A few of the reasons as to why include, strong, pent-up demand by consumers coming out of the pandemic lockdowns flush with unspent savings and government money, a limited supply of some product due to hampered supply chains not being able to produce enough product to keep up with demand and increased labor and material costs that funnel down to consumers.

Some of these inflationary pressures likely will subside in the coming months, which is why many leaders both elected and on the Federal Reserve Bank are calling these inflation numbers “transitory,” or temporary.

But there are other price increases that will stick around for the long term.  In my final entry to our “How’s the Economy Doing?” post, I rhetorically asked, will employers lower wages that have been increased to lure workers back?  Or will the makers of household essentials such as toilet paper, cleaning supplies, etc., lower the prices that are now being raised once six months or a year have passed?  The answer is an obvious and resounding, No.  

So, those permanent price increases will be a hit to Americans’ budgets going forward.
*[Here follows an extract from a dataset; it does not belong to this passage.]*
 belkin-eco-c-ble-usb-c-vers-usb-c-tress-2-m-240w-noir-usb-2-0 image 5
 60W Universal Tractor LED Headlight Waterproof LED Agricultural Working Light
Will employers bring back the annual 3% cost of living increase that used to be fairly prevalent, but was largely dropped in the past 5-10 years when inflation was limited, to offset the price increases we’re seeing?

That will be the question, and something to watch.
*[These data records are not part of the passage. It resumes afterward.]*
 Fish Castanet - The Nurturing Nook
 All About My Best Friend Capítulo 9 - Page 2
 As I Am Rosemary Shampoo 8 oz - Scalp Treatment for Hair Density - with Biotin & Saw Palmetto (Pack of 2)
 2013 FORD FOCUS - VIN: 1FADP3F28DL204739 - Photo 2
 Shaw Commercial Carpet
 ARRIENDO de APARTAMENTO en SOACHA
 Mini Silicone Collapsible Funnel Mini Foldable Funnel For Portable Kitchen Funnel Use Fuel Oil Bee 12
Because, add wage inflation to the other inflationary pressures we’re seeing, and you may have a recipe for inflation rising more than is tolerable.

Which is where the Federal Reserve Bank comes in.  One of the Bank’s missions is to “maintain the stability of the [U.S.] financial system,” and keeping inflation at a reasonable level through the setting of interest rates and other financial actions falls into that category.

Raising interest rates would be one way to curb inflation that’s deemed above acceptable levels – whatever those levels may be.

But it has to be recognized that raising interest rates will also impact the financial well-being of individuals through increased borrowing costs on things like mortgages, auto loans, credit card interest rates and more.

And a significant disadvantage to increased interest rates for the country as a whole would be much higher interest rate costs – the amount the U.S. government would pay to those investing in U.S. bonds – on the significant debt the U.S. has taken on over the past decade or so.  And will likely add to in the coming years for that matter.

There’s a fine line that must be walked when it comes to inflation.

A little bit of inflation is okay, especially if employers offset some or all through increased wages.

But if not careful, things can get out of hand and the end result is not something the U.S. wants to experience as we edge toward a full recovery from the pandemic downturn.

Are you seeing inflation? What are your thoughts on how this might affect the U.S. economy going forward?